Exercise objective: When you reach the line that contains "RIDEAU CANTONNIERE.BRODERIE ET" below, transcribe it and each line after it word for word to the end of the records, omitting pictures.

-------- Available data --------

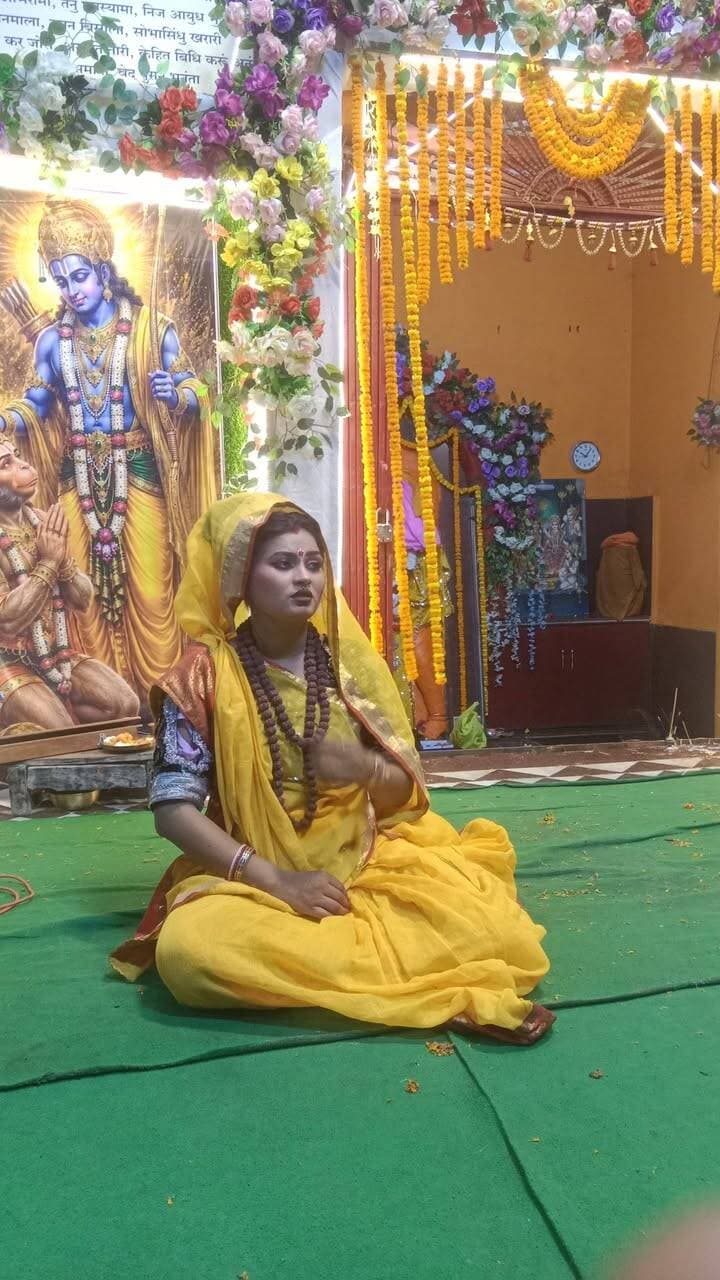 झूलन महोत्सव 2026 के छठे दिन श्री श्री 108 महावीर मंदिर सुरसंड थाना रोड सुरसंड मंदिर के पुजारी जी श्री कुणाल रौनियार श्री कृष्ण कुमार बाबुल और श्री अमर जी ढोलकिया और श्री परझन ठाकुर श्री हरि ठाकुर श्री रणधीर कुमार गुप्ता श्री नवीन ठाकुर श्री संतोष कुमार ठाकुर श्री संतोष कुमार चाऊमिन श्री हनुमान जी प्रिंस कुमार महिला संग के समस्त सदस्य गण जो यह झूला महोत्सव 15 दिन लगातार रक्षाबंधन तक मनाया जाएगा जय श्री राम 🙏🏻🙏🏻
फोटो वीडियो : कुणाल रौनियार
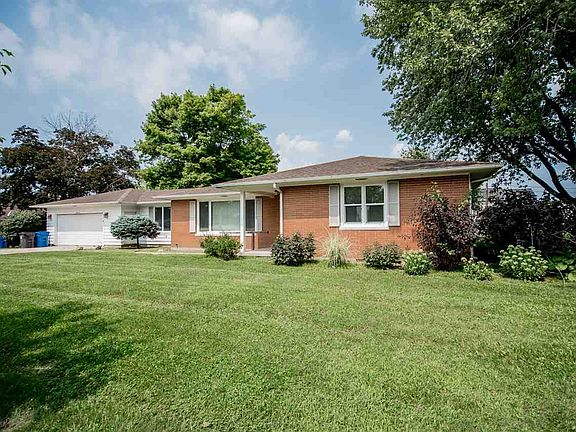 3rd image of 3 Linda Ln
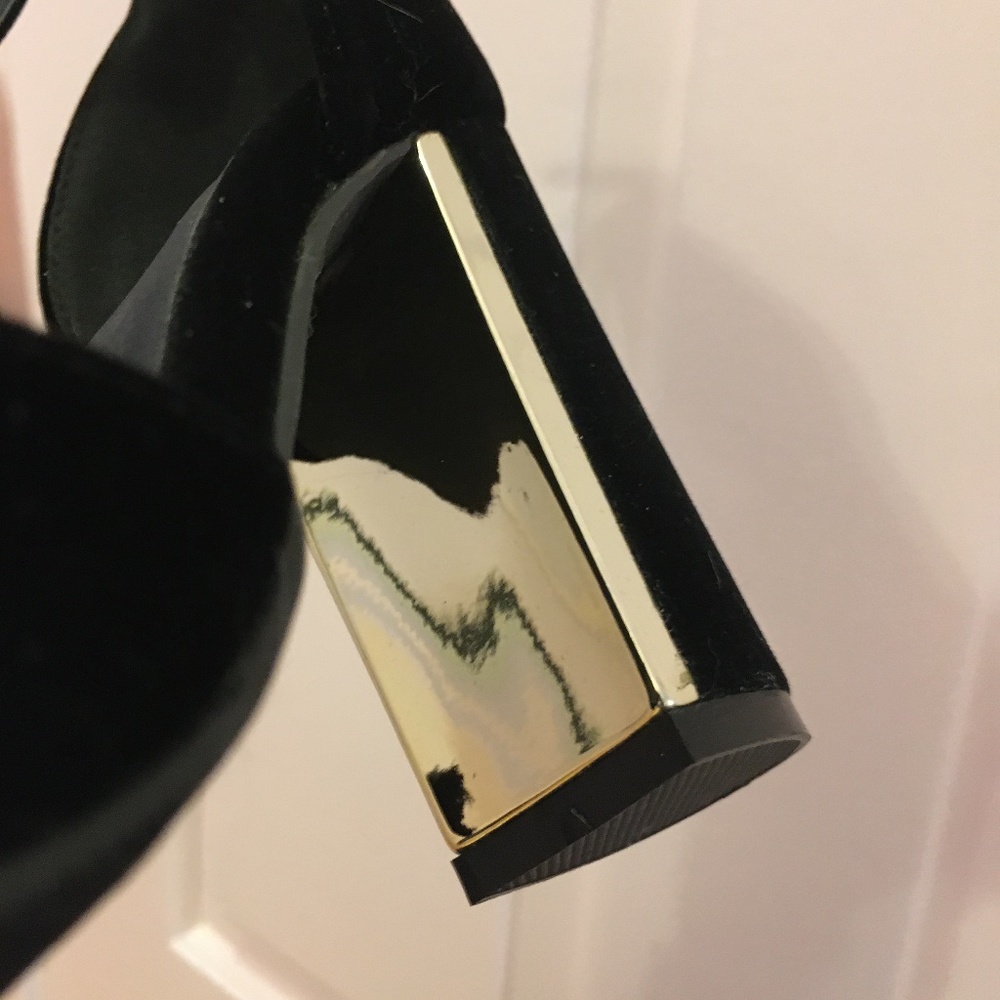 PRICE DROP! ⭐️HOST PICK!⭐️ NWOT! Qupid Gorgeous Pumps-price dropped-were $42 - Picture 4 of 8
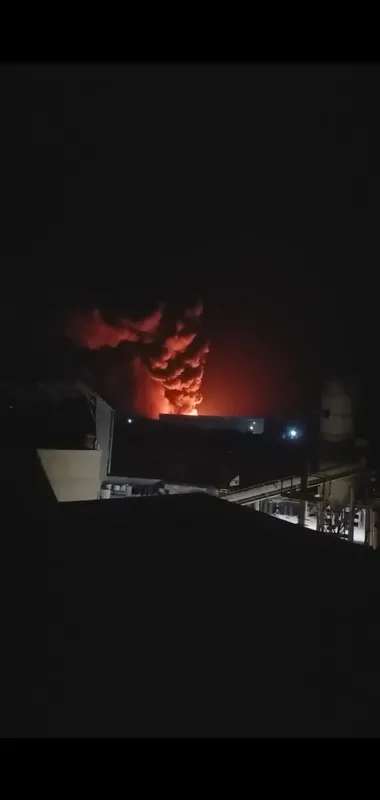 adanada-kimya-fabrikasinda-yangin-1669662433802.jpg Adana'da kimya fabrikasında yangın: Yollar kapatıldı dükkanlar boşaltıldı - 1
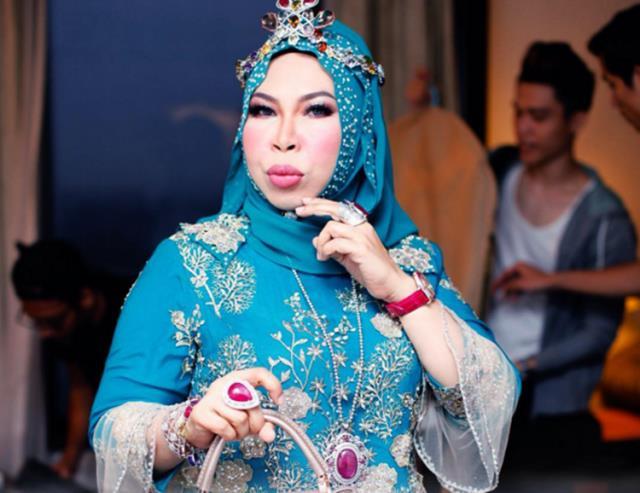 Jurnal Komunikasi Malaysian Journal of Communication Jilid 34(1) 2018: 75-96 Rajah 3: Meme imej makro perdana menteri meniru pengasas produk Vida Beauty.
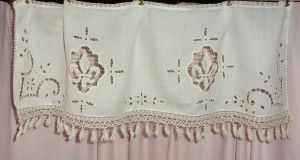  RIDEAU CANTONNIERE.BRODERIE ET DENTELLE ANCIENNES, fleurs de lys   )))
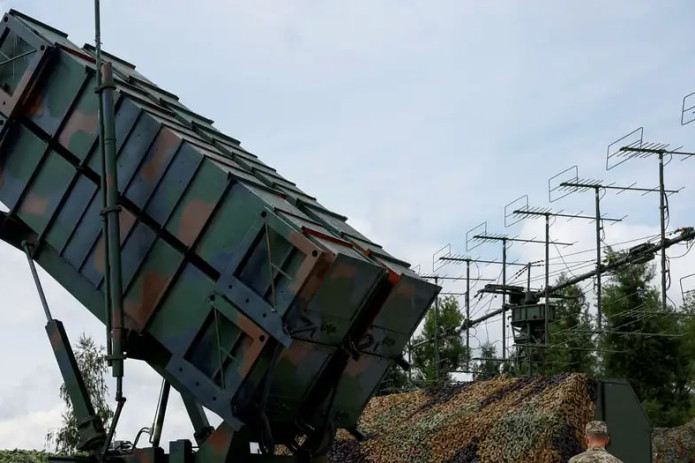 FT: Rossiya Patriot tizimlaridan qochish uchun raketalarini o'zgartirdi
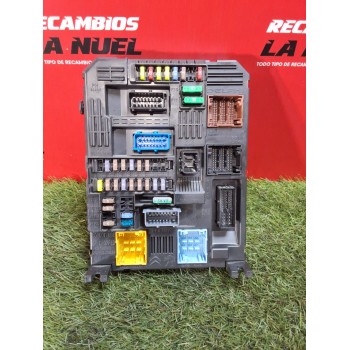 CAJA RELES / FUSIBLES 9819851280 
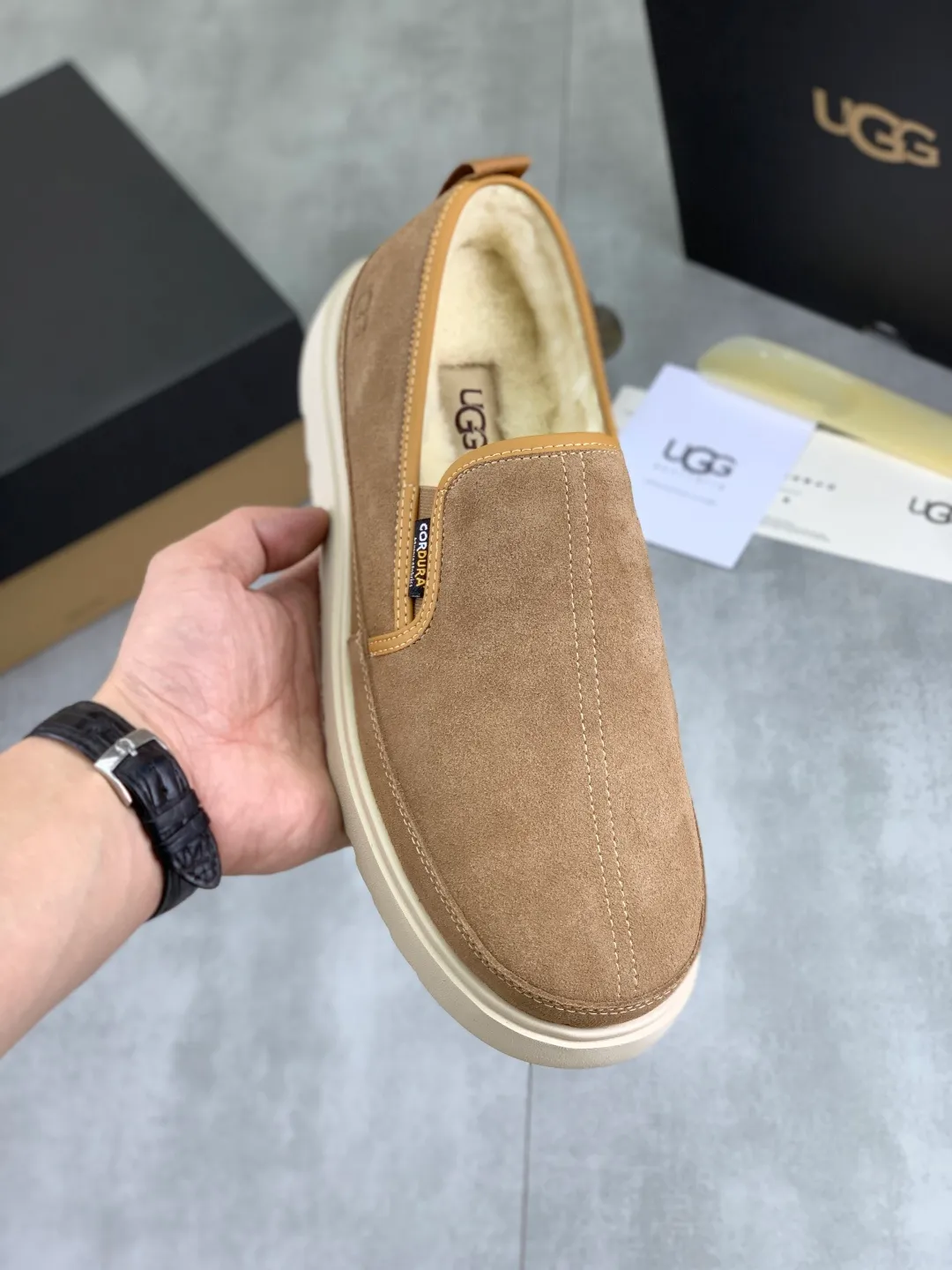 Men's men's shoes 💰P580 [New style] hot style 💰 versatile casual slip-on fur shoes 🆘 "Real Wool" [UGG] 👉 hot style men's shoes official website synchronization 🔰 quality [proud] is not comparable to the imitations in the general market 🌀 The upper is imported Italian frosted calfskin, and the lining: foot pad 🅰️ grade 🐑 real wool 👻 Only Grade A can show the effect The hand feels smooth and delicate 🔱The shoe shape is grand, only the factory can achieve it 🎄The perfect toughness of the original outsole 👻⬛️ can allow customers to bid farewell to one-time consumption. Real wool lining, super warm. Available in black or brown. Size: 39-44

--------

Task output:
  RIDEAU CANTONNIERE.BRODERIE ET DENTELLE ANCIENNES, fleurs de lys   )))
 FT: Rossiya Patriot tizimlaridan qochish uchun raketalarini o'zgartirdi
 CAJA RELES / FUSIBLES 9819851280 
 Men's men's shoes 💰P580 [New style] hot style 💰 versatile casual slip-on fur shoes 🆘 "Real Wool" [UGG] 👉 hot style men's shoes official website synchronization 🔰 quality [proud] is not comparable to the imitations in the general market 🌀 The upper is imported Italian frosted calfskin, and the lining: foot pad 🅰️ grade 🐑 real wool 👻 Only Grade A can show the effect The hand feels smooth and delicate 🔱The shoe shape is grand, only the factory can achieve it 🎄The perfect toughness of the original outsole 👻⬛️ can allow customers to bid farewell to one-time consumption. Real wool lining, super warm. Available in black or brown. Size: 39-44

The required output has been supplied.